1Marie Bashir Institute of Infectious Diseases and Biosecurity, Charles Perkins Centre, School of Life and Environmental Sciences and Sydney Medical School, The University of Sydney, Sydney, NSW 2006, Australia.
2Centre for Systems Genomics, The University of Melbourne, Melbourne, VIC 3010, Australia.
Microb Genom. 2016 Nov 30;2(11):e000094. doi: 10.1099/mgen.0.000094. eCollection 2016 Nov.

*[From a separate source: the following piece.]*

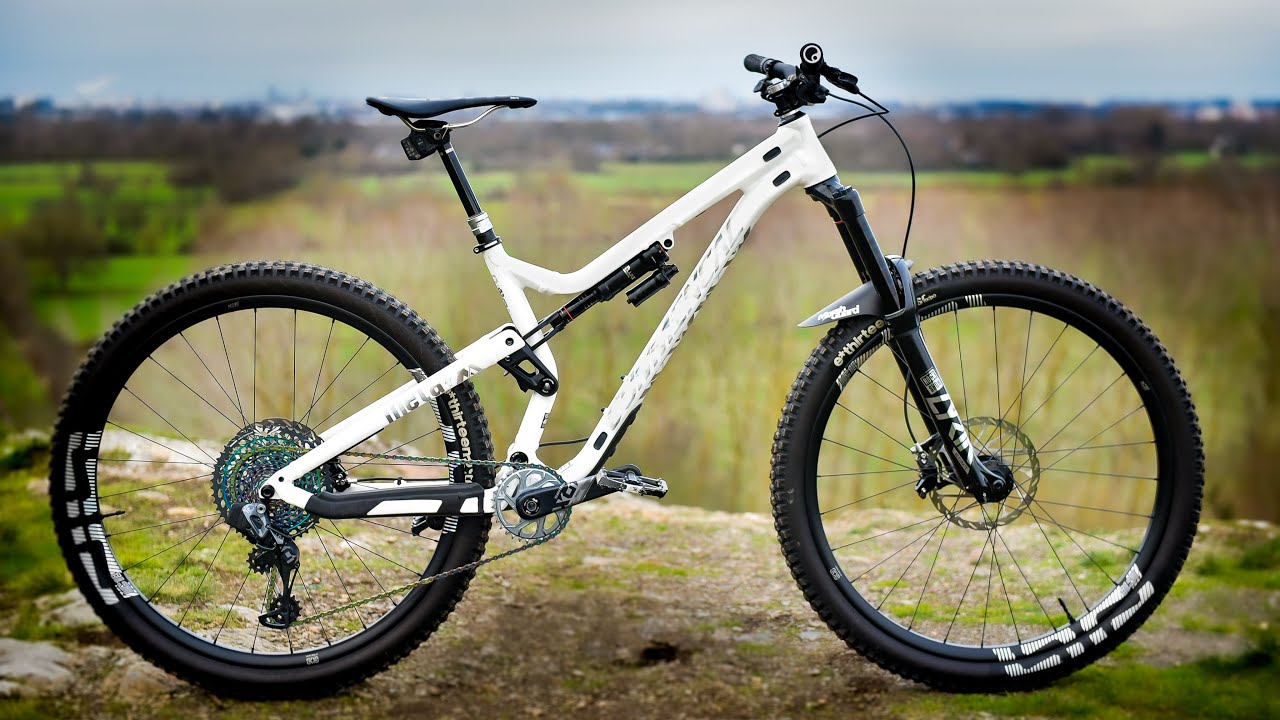 DREAM BUILD MTB - COMMENCAL Meta AM 29 XX édition ! (100 in the world)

Estimating the rates at which bacterial genomes evolve is critical to understanding major evolutionary and ecological processes such as disease emergence, long-term host-pathogen associations and short-term transmission patterns. The surge in bacterial genomic data sets provides a new opportunity to estimate these rates and reveal the factors that shape bacterial evolutionary dynamics. For many organisms estimates of evolutionary rate display an inverse association with the time-scale over which the data are sampled. However, this relationship remains unexplored in bacteria due to the difficulty in estimating genome-wide evolutionary rates, which are impacted by the extent of temporal structure in the data and the prevalence of recombination. We collected 36 whole genome sequence data sets from 16 species of bacterial pathogens to systematically estimate and compare their evolutionary rates and assess the extent of temporal structure in the absence of recombination. The majority (28/36) of data sets possessed sufficient clock-like structure to robustly estimate evolutionary rates. However, in some species reliable estimates were not possible even with 'ancient DNA' data sampled over many centuries, suggesting that they evolve very slowly or that they display extensive rate variation among lineages. The robustly estimated evolutionary rates spanned several orders of magnitude, from approximately 10 to 10 nucleotide substitutions per site year. This variation was negatively associated with sampling time, with this relationship best described by an exponential decay curve. To avoid potential estimation biases, such time-dependency should be considered when inferring evolutionary time-scales in bacteria.
估计细菌基因组进化的速率对于理解主要的进化和生态过程至关重要,如疾病的出现、长期的宿主-病原体关联和短期的传播模式。细菌基因组数据集的激增为估计这些速率提供了新的机会,并揭示了塑造细菌进化动态的因素。对于许多生物体来说,进化率的估计与数据采样的时间尺度呈反比关系。然而,由于难以估计全基因组进化率,这种关系在细菌中尚未得到探索,因为进化率受到数据中时间结构的程度和重组的流行度的影响。我们收集了来自 16 种细菌病原体的 36 个全基因组序列数据集,系统地估计和比较了它们的进化率,并在没有重组的情况下评估了时间结构的程度。大多数(28/36)数据集具有足够的钟状结构,可以稳健地估计进化率。然而,在一些物种中,即使使用跨越数百年的“古老 DNA”数据进行采样,也无法获得可靠的估计,这表明它们的进化速度非常缓慢,或者它们在谱系之间显示出广泛的速率变化。稳健估计的进化率跨越了几个数量级,从大约 10 到 10 个核苷酸取代/位点/年。这种变化与采样时间呈负相关,这种关系最好用指数衰减曲线来描述。为了避免潜在的估计偏差,在推断细菌中的进化时间尺度时,应该考虑这种时间依赖性。